Pathibeku.com is a 2018 Indian Kannada-language drama film directed by Rakesh and produced by Rakesh, Srinivas and Manjunath. It stars Sheethal Shetty, Aaru Gowda, Krishna Adiga, Harini and Rockline Sudhakar. It was released theatrically on 7 September 2018.

==Cast==
- Sheethal Shetty
- Arun Gowda
- Krishna Adiga
- Harini
- Rockline Sudhakar

==Reception==
Vivek MV of Deccan Herald wrote "Thankfully, director Rakesh empathises with the urgent need of the audience to walk out of the theatre and ends the film in a hurry. Sheetal's acting is the only saving grace here. Pathibeku.com is like a website that takes ages to load and eventuall". A. Sharadhaa from The New Indian Express says "Pathibeku.com is a cinematic experiment which fails to explore the nuances of match-making, and in turn results in an unfaithful trial". Sunayana Suresh from The Times of India wrote "Pathibeku.com is a sincere attempt at a female-oriented romcom with a series of comedy of errors.
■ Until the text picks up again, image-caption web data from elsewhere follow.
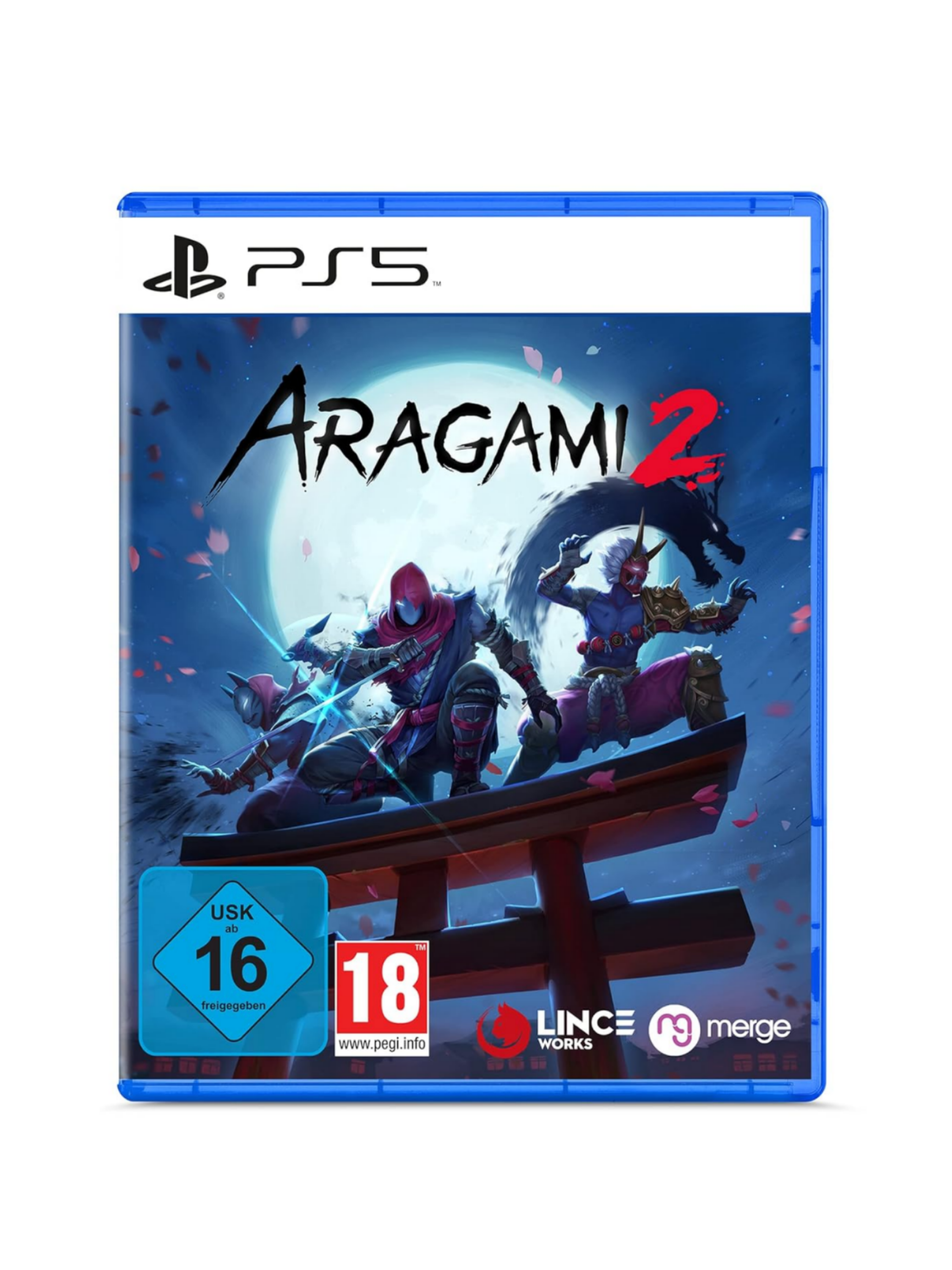 Aragami 2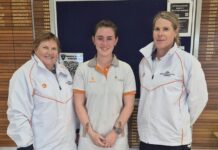 Umpires achieve C badges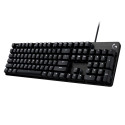 KEYBOARD G413 SE/BLACK 920-010437 LOGITECH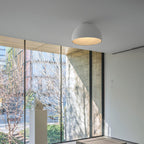 Lirenne Aluminium Ceiling Light-Moonnatur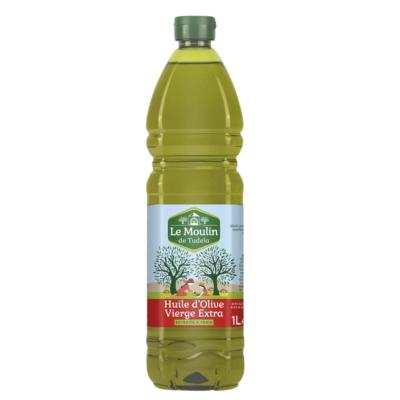 HUILE D'OLIVE VIERGE EXTRA 1L **LE MOULIN DE TUDELA**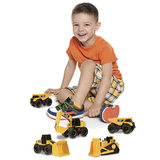 Road Rippers CAT Mini Movers (3+ Years)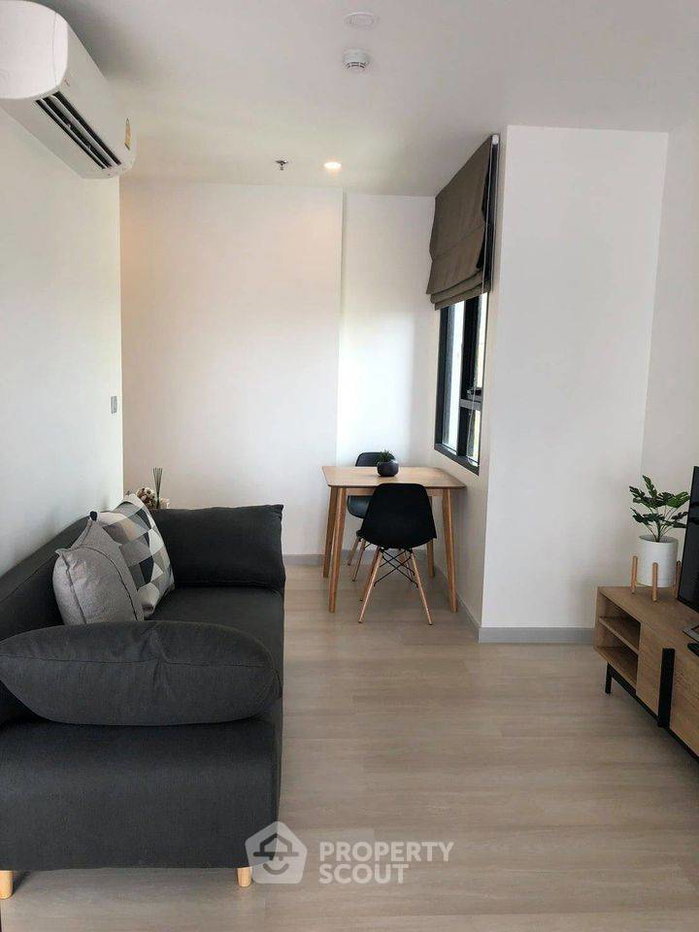 รูป คอนโด 1 ห้องนอน ชั้นสูง 16 38 ตร.ม. Knightsbridge Prime Sathorn ใกล้ BTS เซนต์หลุยส์ (ID 469457) - รูปที่ 3/10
The film lags at times and might not be the most technically competent one, but it still has its heart in its place and can entertain if you are the sort who likes to see the woman at the helm of the affairs". A reviewer from Asianet News wrote "Interesting concept is the lifeblood of the film. Above all, this is a comedy movie. Its advantage is the timing and acting of the artists to take the audience by the hand".